# SD card capacity help



## smn_xps (Jan 16, 2009)

Hi, 

I bought a canon XSI a few weeks back and have been having fun learning how to work with it. but i am confused about the SD card capacity.I bought a couple of 4 gb san disk ultra II and on the package it says 1907 images when "JPEG 90% Quality=Jpeg compression with 1:20 ratio of raw images" 

OK< 

so given that i am using the smooth hi res setting but not the raw how many images should I expect? 

I recently took photo of my son's swim meet and got 335 images on that card. I am fine with that if that is all i can get with the resolution setting that i am using. but if i can get more than that then i would like to. 

no sense in not using the capacity i paid for. 

thanks for any insight into this.

Jerry


----------



## stsinner (Jan 16, 2009)

When you use RAW, your files are at least 3 times bigger than your JPEG compressed files.

On my camera, RAW images are about 15.5 Meg each at 6.1 MegaPixels...


----------



## smn_xps (Jan 16, 2009)

stsinner said:


> When you use RAW, your files are at least 3 times bigger than your JPEG compressed files.
> 
> On my camera, RAW images are about 15.5 Meg each at 6.1 MegaPixesl...



well that suggests that my 12 mp RAW would be 30 mb+ and that my jpegs should be 10 mb+ so 335 on a 4 gb card seems like full capacity. 

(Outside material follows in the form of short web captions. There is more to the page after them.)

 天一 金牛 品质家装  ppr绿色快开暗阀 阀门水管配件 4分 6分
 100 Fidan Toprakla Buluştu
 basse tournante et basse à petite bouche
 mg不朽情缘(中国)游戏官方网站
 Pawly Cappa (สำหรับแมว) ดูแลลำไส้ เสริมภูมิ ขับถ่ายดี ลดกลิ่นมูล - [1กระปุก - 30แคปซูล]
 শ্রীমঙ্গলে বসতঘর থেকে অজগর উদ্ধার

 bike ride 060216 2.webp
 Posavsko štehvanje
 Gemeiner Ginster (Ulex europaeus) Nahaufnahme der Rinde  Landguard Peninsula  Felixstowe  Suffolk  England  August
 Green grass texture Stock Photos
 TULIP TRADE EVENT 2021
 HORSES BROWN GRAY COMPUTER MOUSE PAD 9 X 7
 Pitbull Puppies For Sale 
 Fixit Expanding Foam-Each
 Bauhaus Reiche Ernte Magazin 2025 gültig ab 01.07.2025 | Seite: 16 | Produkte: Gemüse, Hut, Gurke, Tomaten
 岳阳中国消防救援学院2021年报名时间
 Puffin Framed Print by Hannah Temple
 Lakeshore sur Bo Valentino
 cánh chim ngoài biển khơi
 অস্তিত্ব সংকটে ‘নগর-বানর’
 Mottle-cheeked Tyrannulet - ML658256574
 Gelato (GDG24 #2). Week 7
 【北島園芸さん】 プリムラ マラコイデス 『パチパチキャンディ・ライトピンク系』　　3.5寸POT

Thanks for the quick response, i guess i need to take two cards wherever I go!

jerry


----------



## MikeBcos (Jan 16, 2009)

stsinner said:


> When you use RAW, your files are at least 3 times bigger than your JPEG compressed files.
> 
> On my camera, RAW images are about 15.5 Meg each at 6.1 MegaPixesl...



Really? On my D40 my 6.1MP Raw images are a little over 5MB. I shoot Raw+jpg Basic and get a little over 950 images on an 8GB card.

335 12MP images on a 4GB card sounds about right to me.


----------



## kundalini (Jan 16, 2009)

Both of my Nikon bodies have a countdown of images on the top display panel and in the viewfinder.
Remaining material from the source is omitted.